July 15 2025
Old and New Versions Coexisting at the Same Time
How to plan compatibility across code, contract, and data when a perfect cutover simply does not exist.
Andrews Ribeiro
Founder & Engineer
4 min Intermediate Systems
The problem
Many migrations start with a quiet fantasy:
“At deploy time, everyone starts using the new version.”
In practice, that is not what happens.
During the transition, you often have all of this at once:
- old instances
- new instances
- outdated mobile apps
- old jobs still running
- old messages arriving from the queue
- external clients still using the previous contract
If your design depends on an instant switch, the environment is not the real problem.
The plan is.
Mental model
Think about it like this:
mixed state is not a rollout bug. It is the normal state of a system in change
Once you accept that, the right question stops being:
“How do I make everyone change together?”
And becomes:
“How do I make old and new talk to each other without getting in each other’s way for long enough?”
Breaking the problem down
Separate read compatibility from write compatibility
Those two things look connected, but they are not the same.
Read compatibility answers:
- can new code understand old data?
- can a new consumer handle an old event?

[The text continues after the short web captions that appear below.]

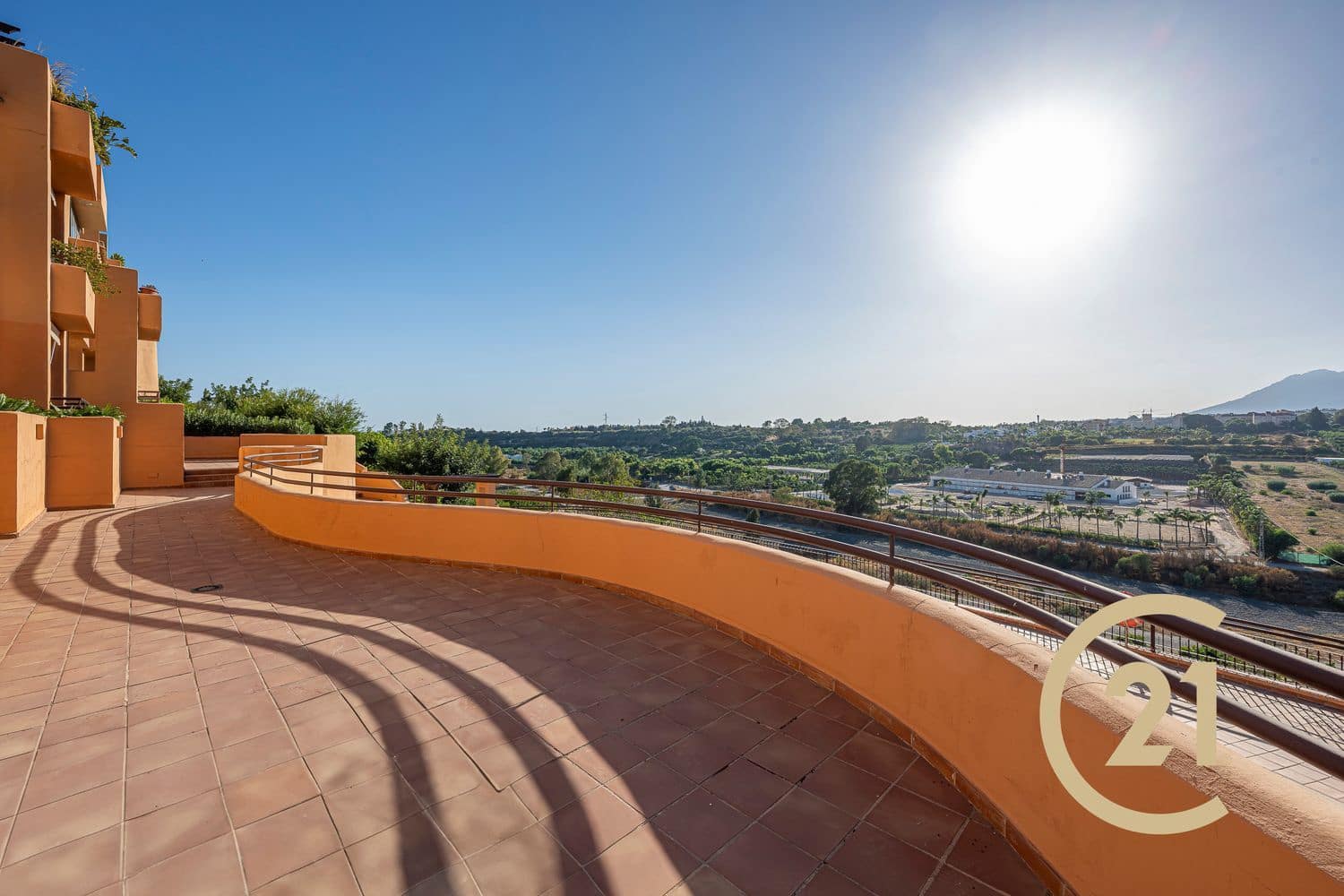 2 sovrum Lägenhet till salu i New Golden Mile med pool garage - 459 000 € (Ref: 10108625)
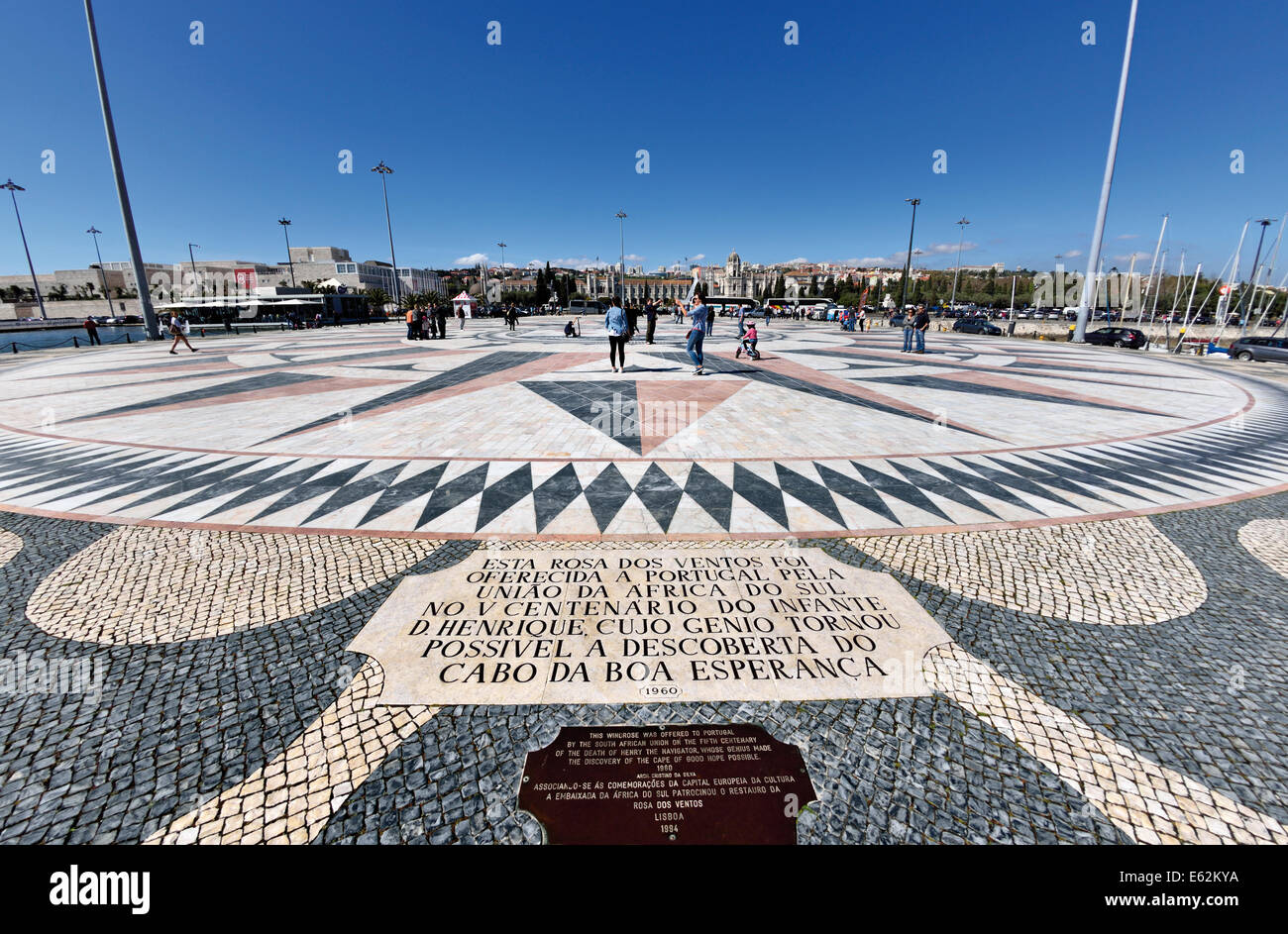 Portugal, Lissabon: Touristen gehen auf Windrose vor dem Denkmal der Entdeckungen in Belém Stockfoto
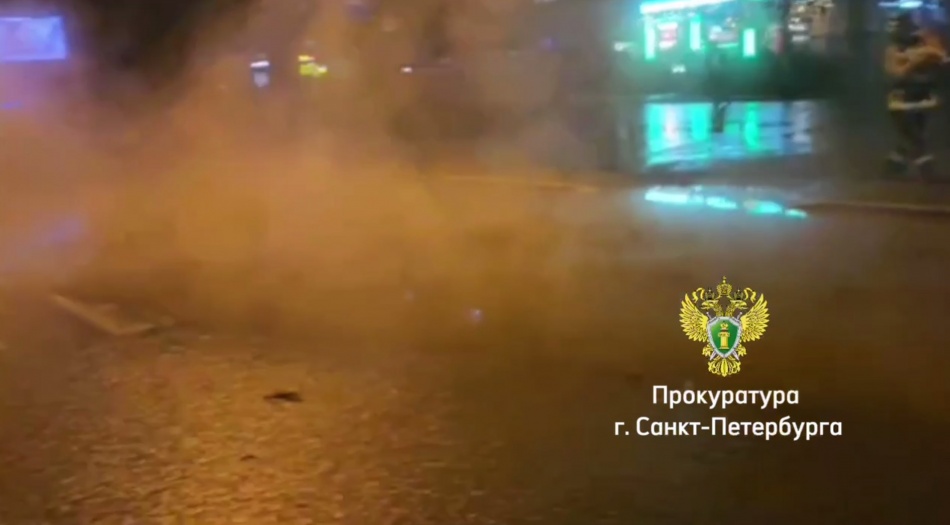 Фонтан кипятка на Маршала Казакова парализовал движение и изменил маршруты трамваев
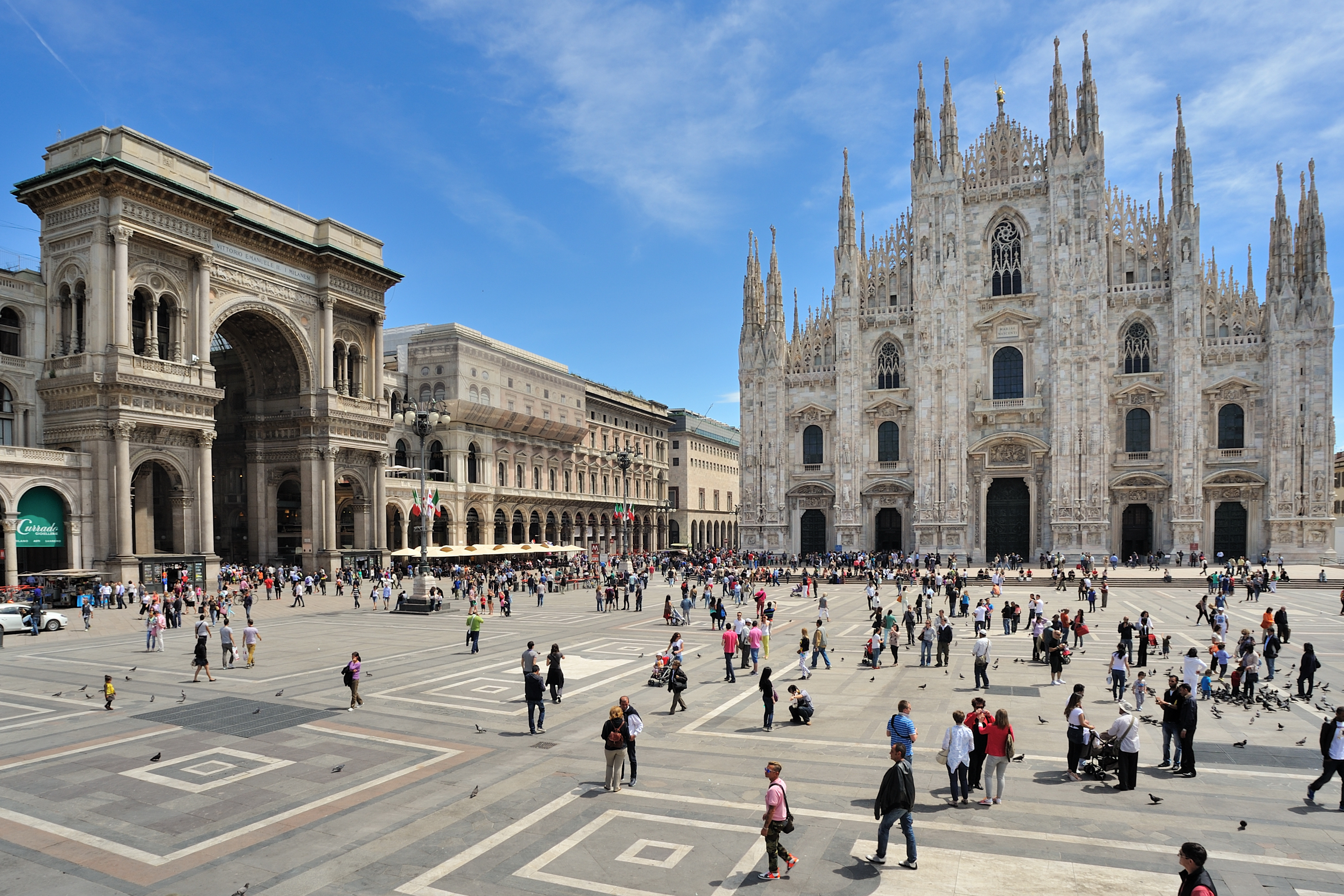 Площадь италии. Милан Соборная площадь. Площадь Duomo Милан. : Площадь Пьяцца-Дуомо. Пьяцца дель Дуомо Милан.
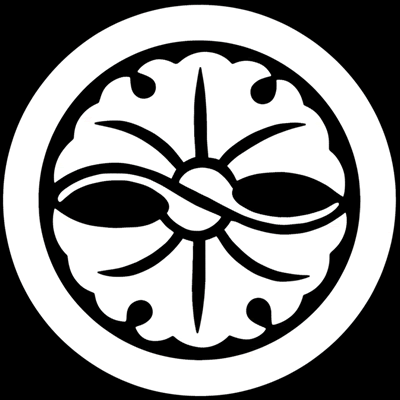 陰丸に向かい銀杏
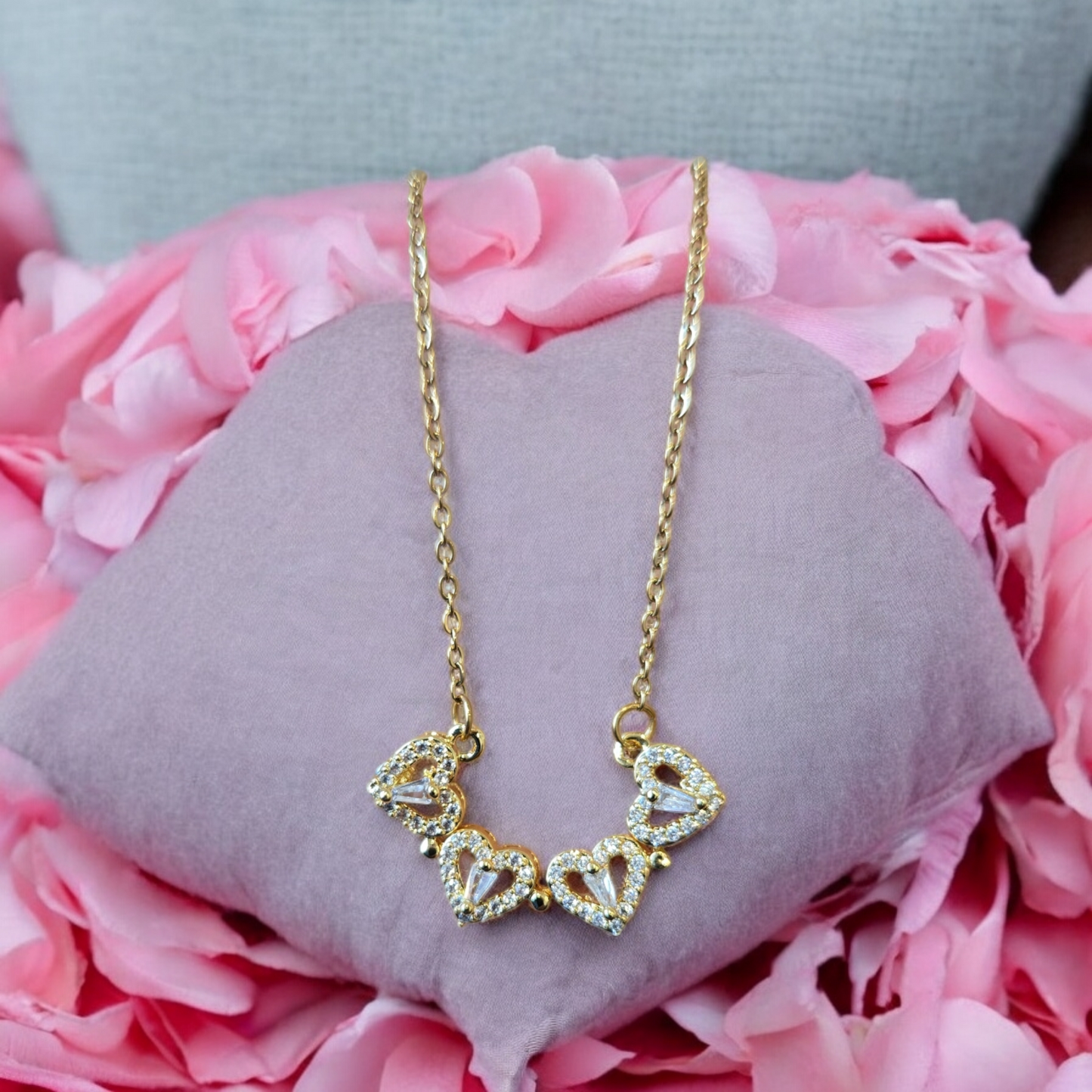 Four Leaf Clover Necklace Heart Shaped Clavicle Chain Openable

Write compatibility answers:
- does the new producer emit something the old consumer still accepts?
- does the new application write data the old one can still read?
When teams mix those two, they often break half the ecosystem without realizing it.
Prefer additive change before destructive change
Safe change usually looks like this:
- add an optional field
- accept the old format for a while
- read the new thing when present and fall back to the old one when not
Risky change usually looks like this:
- remove a required field too early
- swap the format all at once
- assume the old consumer will adapt by itself
Good compatibility usually buys time.
Let producers and consumers age at different speeds
In real systems, both sides almost never update together.
That is why one simple rule helps a lot:
- the consumer should be tolerant when possible
- the producer should be conservative while the change is still rolling out
That prevents the faster side from taking down the slower side.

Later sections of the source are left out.